It’s Time to “Spring Forward” Soup

Southwestern Corn and Potato Soup

I made this soup last night for dinner and it turned out better than expected! Enjoy!

1 half of a white onion, diced into small pieces
160z bag of frozen corn
1 red pepper
1 large potato, diced
1 green zucchini, diced
2 tablespoons thyme
2 cloves of garlic (chopped or put through a garlic press)
4 cups of vegetarian broth
1/2 cup of shredded asiago cheese
2 tablespoons olive oil
pinch of red pepper flakes (optional)

1. In a soup pot, heat olive oil and add onions and garlic, stir and saute about 2 minutes. Add the potato and zucchini and add salt and pepper and a pinch of red pepper flakes. Add the thyme. Let mixture saute. Once the oil has been used up add a ladle or 2 of broth to keep it cooking. Repeat when needed.
2. Spray pepper with Olive Oil Spray and put on foil. Roast in oven on broil. Check frequently and turn the pepper so it roasts evenly. It should be charred/black. Once pepper is done take it out and let it cool.

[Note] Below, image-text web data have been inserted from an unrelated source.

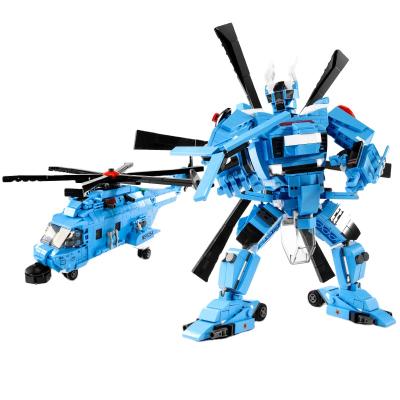 China Building Toy 637pcs H-92 Helicopter 2 In 1 Transformation Robot Building Block Military Mecha Bricks Toys For Children for sale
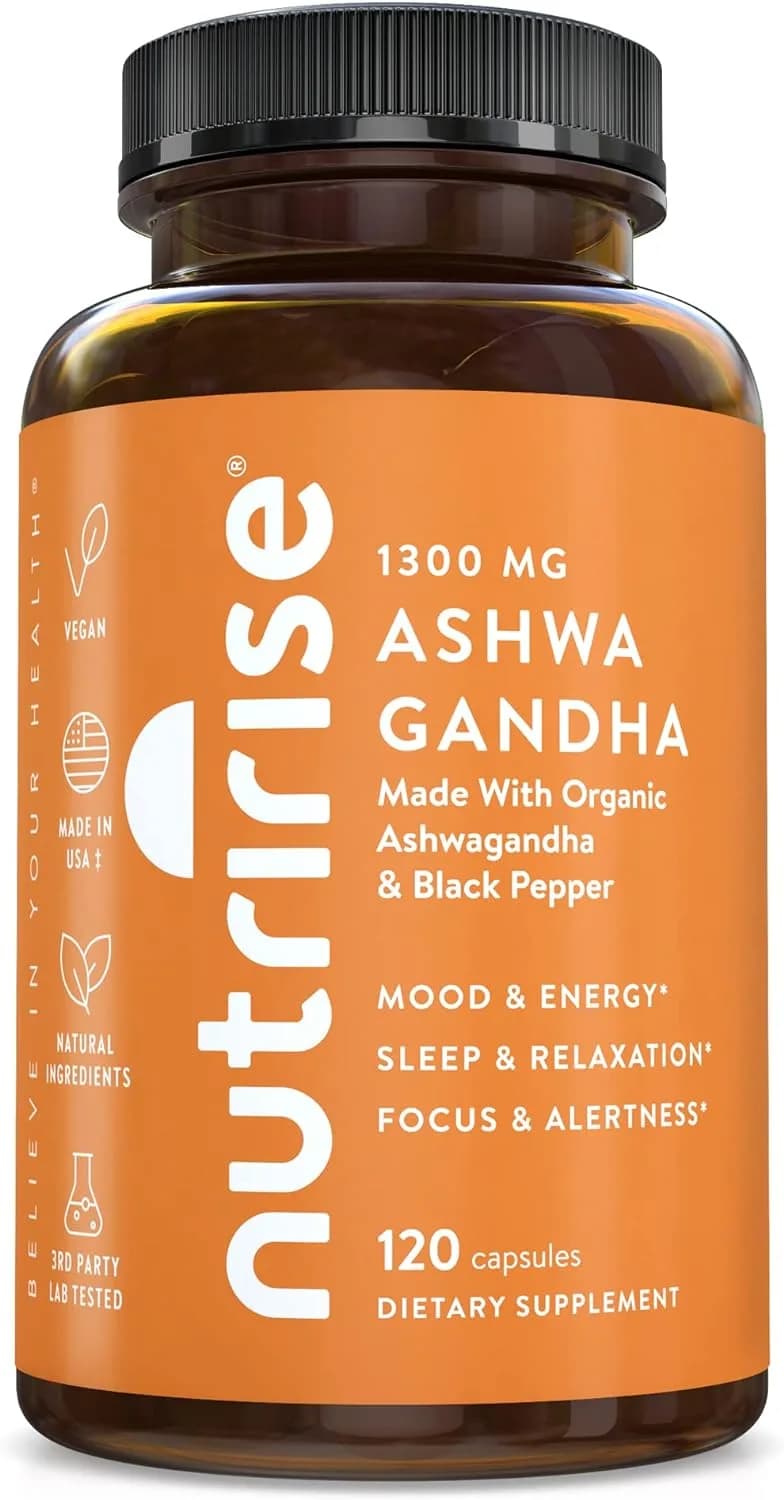 NutriRise NutriRise Organic Ashwagandha, 1300 mg, 120 Capsules
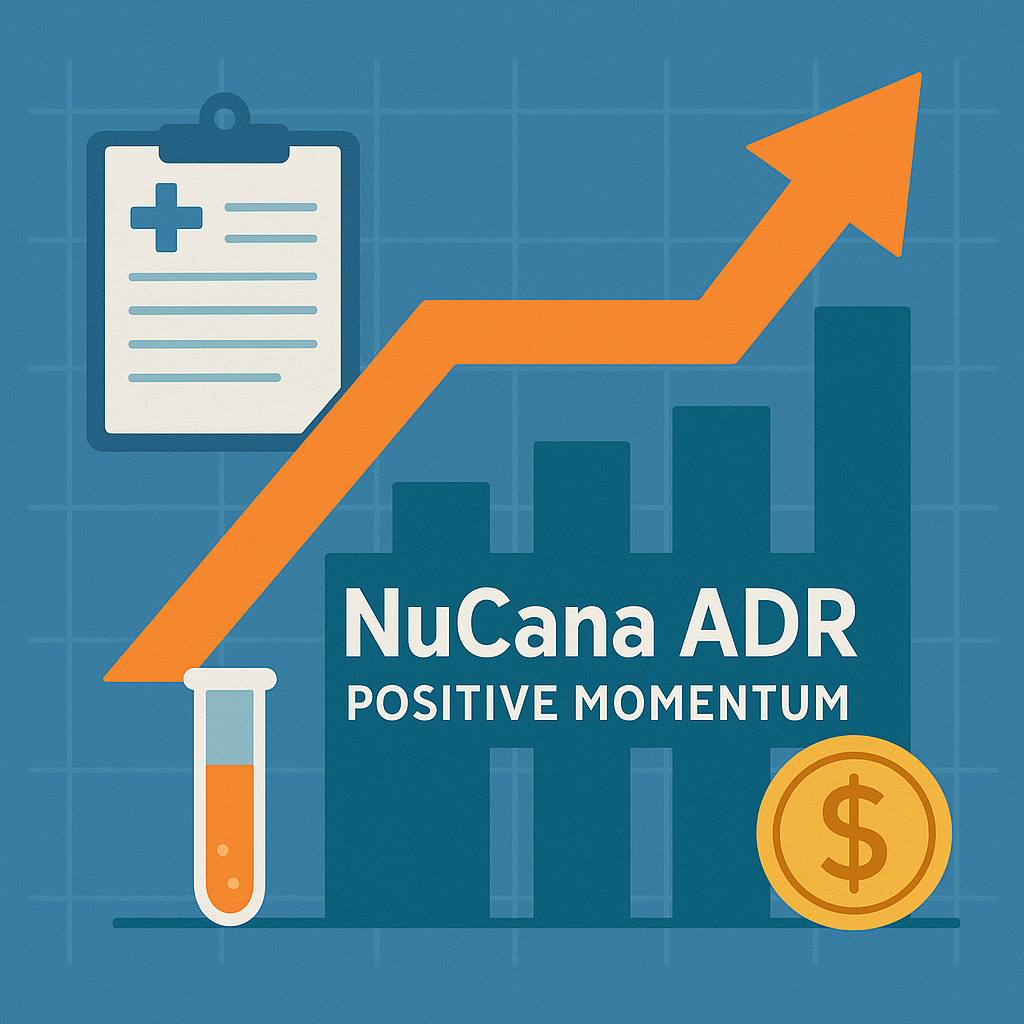 NuCana ADR 긍정적 임상 및 재무 호재 이미지를 상징하는 그래프 일러스트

Then pull off any black parts and dice pepper and put aside.
3. Add the rest of the broth and the corn to the soup pot and stir. Add half off the peppers.
4. Let simmer until potatoes are soft. Then using a hand held blender, puree the soup lightly. You just want to puree it a little bit so that you still have some chunks of the veggies.
5. Add about half of the remaining red pepper. Keep the other red pepper to top the soup with.
6. Let soup simmer for 30 minutes.
To serve: Ladle the soup into bowls and top with red pepper and asiago cheese.